Supplied information

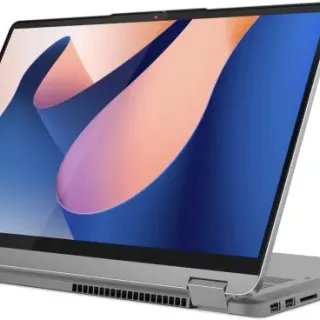 image #5 of מחשב נייד עם מסך מגע Lenovo IdeaPad Flex 5 14IRU8 82Y0007XIV - צבע Arctic Grey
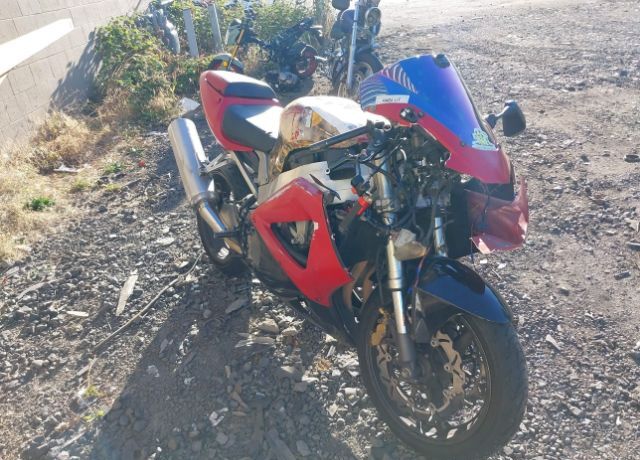 Honda CBR900/CBR929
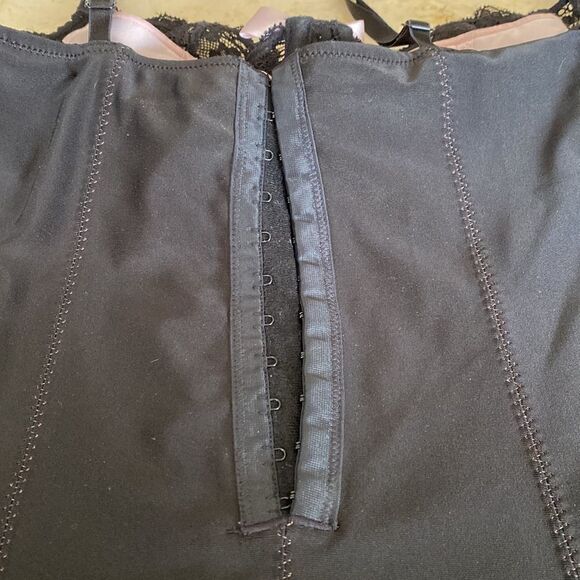 Victoria’s Secret Sexy Little Things Corset Bustier Bra Lingerie Top - Picture 12 of 14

Exercise requirements
Repeat the material above precisely as it appears, omitting the images it contains.

Solution to this task
 image #5 of מחשב נייד עם מסך מגע Lenovo IdeaPad Flex 5 14IRU8 82Y0007XIV - צבע Arctic Grey
 Honda CBR900/CBR929
 Victoria’s Secret Sexy Little Things Corset Bustier Bra Lingerie Top - Picture 12 of 14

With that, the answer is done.